Lilley and his wife Theresa had a house on Bridge Street in Asbury Park. Their dining room served as a meeting place for early Jersey Shore Jazz and Blues Festival meetings, prior to the founding of a formal, 501-c-3 non-profit foundation.  I recall meetings around Lilley’s dining room table and loads of ideas being discussed by the likes of Theresa Lilley, Donna Buddleman, Bob Santelli, Tony Palagrossi, myself and Eileen Chapman.  We were a tight-knit bunch in those days. Thanks to some anonymously donated money from people in high places, we were able to eventually take our festival out of the hands of sometimes fickle club owners and into Marine Park. Through it all, Bill Lilley was a supporter.

Then in the mid-90’s, working with Tommy Patten and his wife, Lilley helped to launch Crossroads on Main Street in Asbury Park, a bona fide blues and roots music bar.  From the get-go, it was a club with an identity, not unlike what Mel Hood built at Jason’s in South Belmar. Lilley worked closely with Patten to set up a good sound system, proper stage and good lighting system.  He began a second career in blues as a behind-the-scenes guy, yet he would often jump on stage with Wenner and the Nighthawks. Lilley did a yeoman’s job of booking great national acts into Crossroads, carefully figuring out cover charges that would be reasonable for patrons yet allowing the club to make some money by the end of the night.  Aside from the Nighthawks, I recall shows there by Barbecue Bob and the Spare Ribs, Big Danny Gallagher and the Lost Leader Band, Stringbean and the Stalkers and dozens of other local acts.  Through it all, Lilley always had his stuff together, calling me weeks in advance to tell me, “Hey Richard, I just nailed down a date with Hubert Sumlin for such and such date, do you want to do a story?”  He knew my answer would always be yes, because I appreciated who he was and the classy way he presented acts at Crossroads, as well as how organized he was, always giving me more than a month’s notice that a national act was coming in to the venue.  As a correspondent who was paid by the article at the Asbury Park Press, prior to becoming a columnist there, it was a win-win situation.

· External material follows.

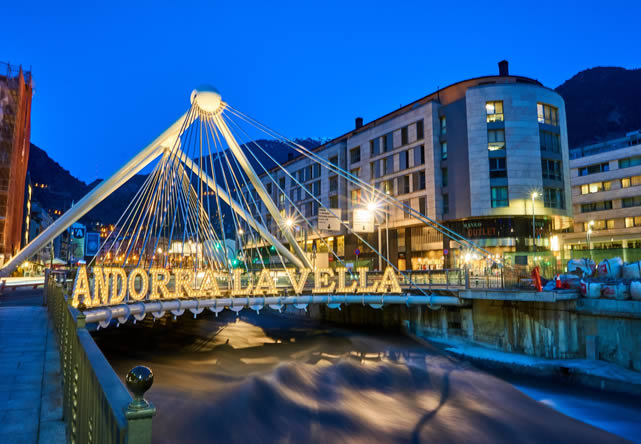 Foto del viaje a andorra en Español 2025-2026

National acts Janiva Magness, Anson Funderburgh and Jimmy Thackery were coming to Asbury Park and I was fortunate to be there to write advance stories for these shows. Most of the time, I would be there to meet these artists myself.

Bill Lilley was also a guest on my radio show, Thursday nights at WRSU-FM, four or five times over the years, including several shows after he began collaborating with Patten at Crossroads. Shortly before Crossroads opened, he brought Tommy to New Brunswick one Thursday night to talk about their vision for the club.  In the end they had a good run – WBJB-FM DJ Rich Robinson was a popular bartender there – and the club was a venue known for good blues and blues rock for just about a decade.  

This is why the legacy of good people, serious fans and impresarios of blues and blues-rock, like Bill Lilley, will live on in Jersey Shore popular music history. So many good memories from so many memorable shows. In the end, as life grows precious, what else do we have, except memories?